1 de novembro de 2024

Sete rios e afluentes na Terra Yanomami estão contaminados por mercúrio usado em garimpos


Projeção é feita pela WWF-Brasil, baseada na probabilidade e em dados do Observatório do Mercúrio. Estudo indica que peixes encontrados nos rios tem alto potencial de bioacumulação de mercúrio, com valores acima do estabelecido pela Organização Mundial da Saúde (OMS). Sete rios e afluentes na Terra Yanomami estão contaminados por mercúrio usado em garimpos
Sete rios na Terra indígena Yanomami e três afluentes deles estão contaminados por mercúrio e têm peixes com alto índice de contaminação.

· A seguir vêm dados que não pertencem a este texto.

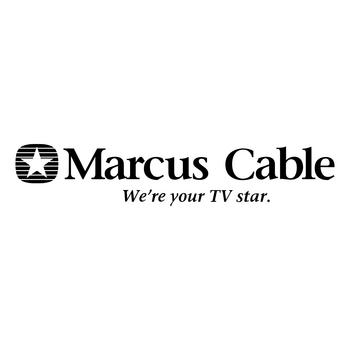Marcus Cable Logo PNG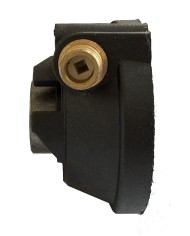 RINVIO CONTACHILOMETRI PIAGGIO LIBERTY 50-125CC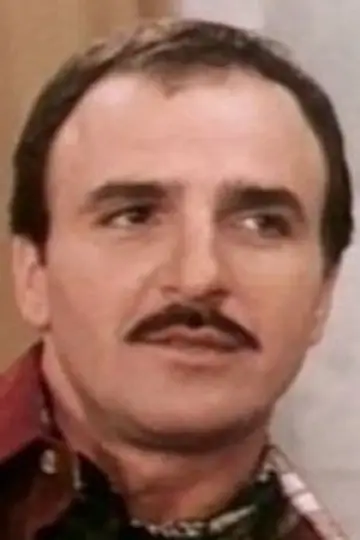 Zdjęcie  #242656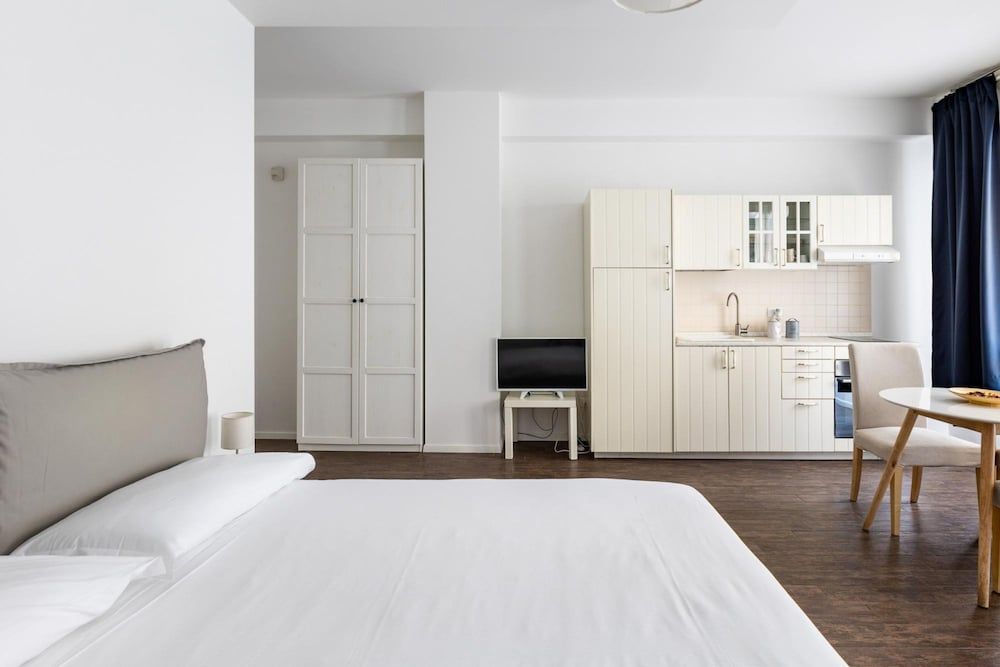 undefined Largo Molina Studio III by Wonderful Italy 5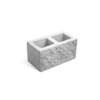 BLOCK SP 20 CORBLOCK
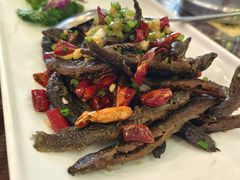 -潇湘·永州会馆(百子湾店)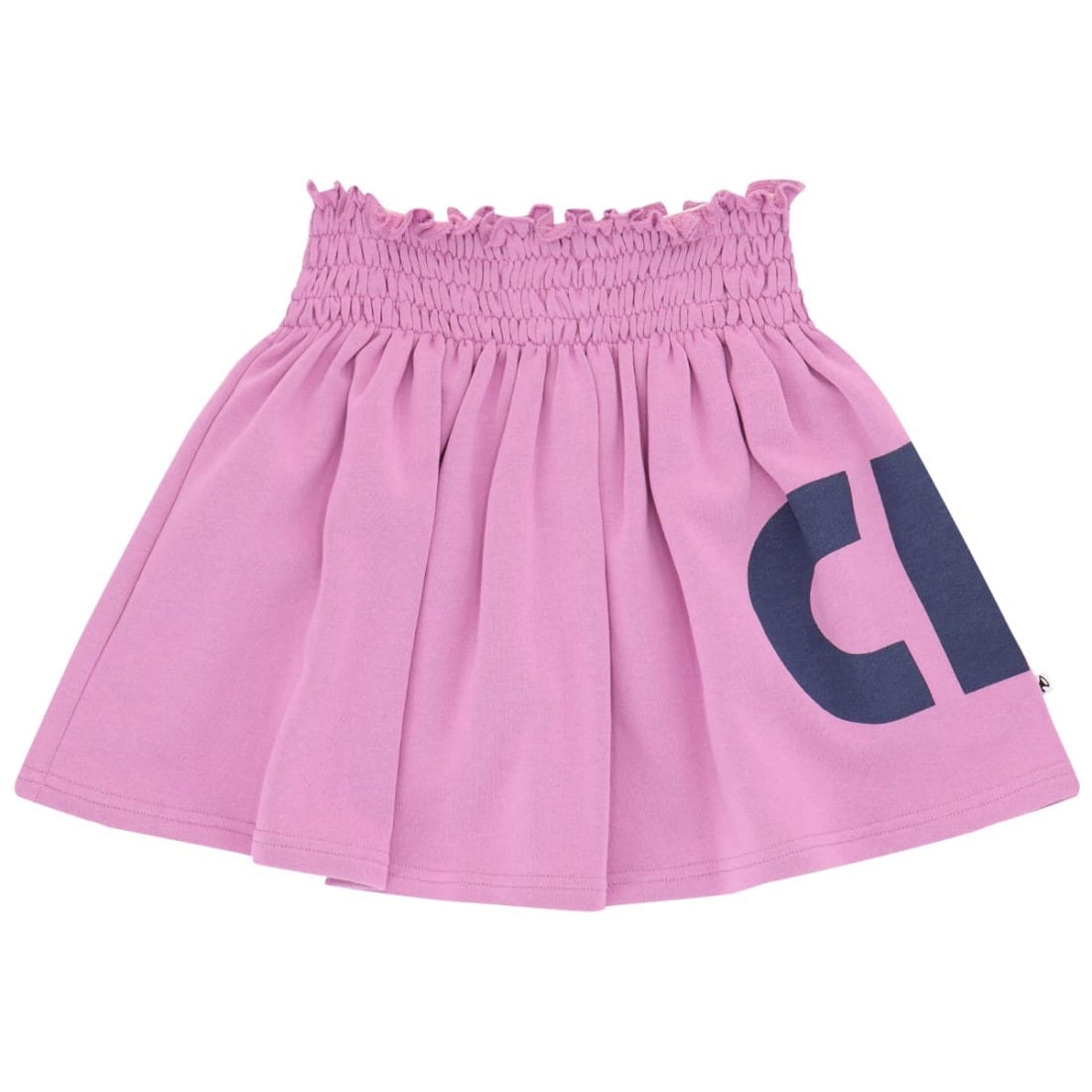Jog Skirt CISS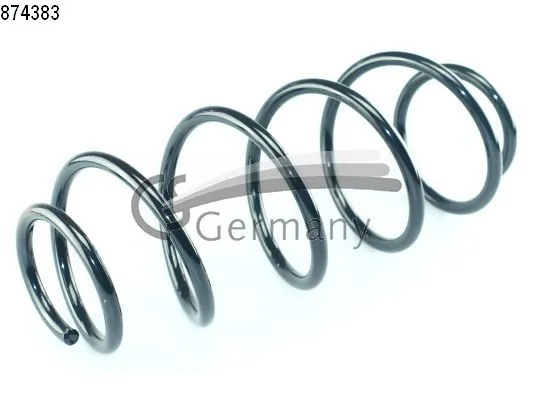 CS GERMANY 14874383
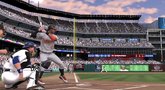 MLB 13: The Show Live trailer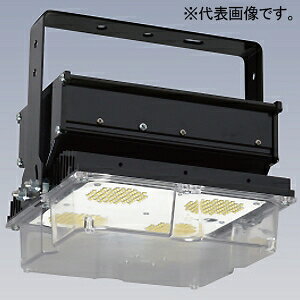 Other - 日立 高天井用LED器具 特殊環境対応 防湿・防雨形 粉じん対応 水銀ランプ400クラス 初期照度補正形 WFMTE17AWN-J14B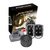 Alarma para moto Duoblock PX 350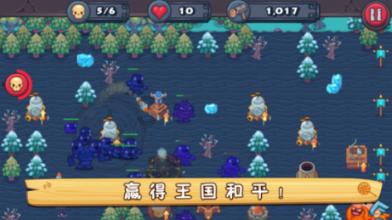 hahabet前方星辰大海梦想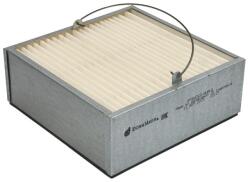 DONALDSON OFF Filtru Combustibil Bobcat 225 Case Ih D 35 Ford 2110 2120 John Deere 1620 30 4510 4600 4610 4710 (P502481)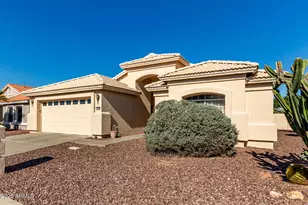 14806 W Verde Ln, Goodyear, AZ 85395 - Photo 4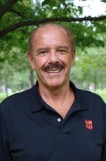 Dave WIlber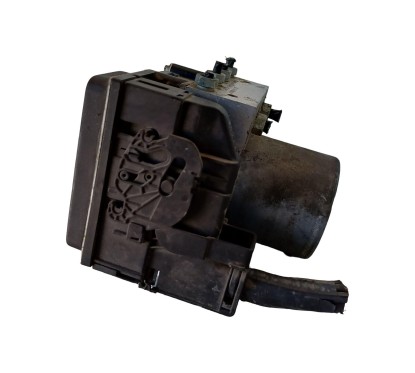 ABS SMART Fortwo Coupé W450 - Q0012222V003000000 - 3391420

É o que aponta uma projeção da WWF-Brasil, organização não governamental voltada para a preservação do meio ambiente, divulgada nessa quarta-feira (30).
Os rios são Parima, Uraricaá, Amajari, Apiaú, Uraricoera, Mucajaí e o Couto de Magalhães. As afluentes são Auaris, Trairão e Ereu, na bacia do rio Uraricoera.
Rio Mucajaí, no Sul de Roraima, em março de 2024.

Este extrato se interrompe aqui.